Al momento sto cercando di convincere due giovani a sposarsi. Me l’hanno chiesto i genitori del ragazzo, che è davvero un bravo ragazzo, ma - lo sapete - non basta essere bravi. Diverse sere li ho portati a mangiare fuori per capire chi dei due comandava. Quando ho capito che era lei… mi son trovato un po' in difficoltà. Sapendo che vivono assieme già da tempo li ho messi davanti al problema: "Se domani metteste al mondo un figlio, cosa dirà quando crescerà tanto da farsi delle domande? Dirà: "Mah, mio padre e mia madre non sono neanche sposati, son stati assieme per qualche tempo… Ma dico: non vorrete mica avere questo problema?". Mi hanno risposto: “Ci penseremo dopo”. “No, cari miei: dovete cominciare a pensarci prima”.

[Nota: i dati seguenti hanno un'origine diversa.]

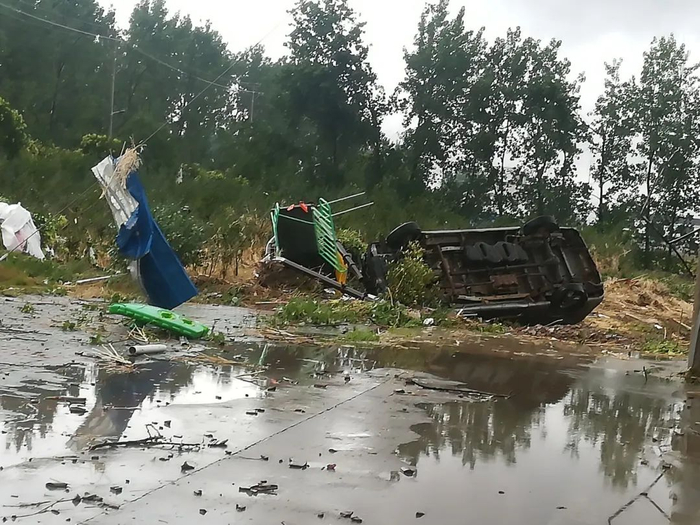 ↑ 汽车被龙卷风掀翻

Il futuro è un’incognita soprattutto per questo, non per l’economia. L’economia è un aspetto importante della vita, ma la vera crisi è questa: che nessuno vuol più metter su famiglia. E come farà la società a crescere senza le famiglie? Tutta la Valle ha 38mila abitanti. Praticamente è un quartiere. I giovani se ne vanno, figli ne nascono pochissimi e gli immigrati non arrivano: ce ne sono tre o quattro a Zogno, ma nei paesi dell’alta valle non ce n'è nessuno. Una volta una famiglia aveva sei o sette figli: adesso è già tanto se ne mette al mondo uno. È questo che farà morire la valle.
Le opportunità di lavoro non mancheranno: fortunatamente, Percassi è salito a investire a San Pellegrino. Ha fatto un cosa bella con le terme, un'impresa gestita da gente capace. Tutti gli alberghi sono già pieni. A Piazza Brembana ho a disposizione la vecchia colonia: quattordici mila metri quadrati di parco. Vorrei farci un albergo a quattro stelle. Sarebbe bellissimo, a cinque chilometri da San Pellegrino.
Conclusione
«Adesso però devo cominciare a tirare i remi in barca. Sto passando in rassegna la mia vita. Voglio individuare tutte le persone che mi hanno aiutato ad arrivare dove sono arrivato. E poi anche quelle che han tentato di farmi del male, e le altre, quelle con cui siamo arrivati a una rottura. Per recuperarli tutti. Il 30 giugno compio 82 anni. Non voglio morire sapendo che sono in bega con qualcuno. A proposito: mi potreste aiutare a incontrare quel tale?...».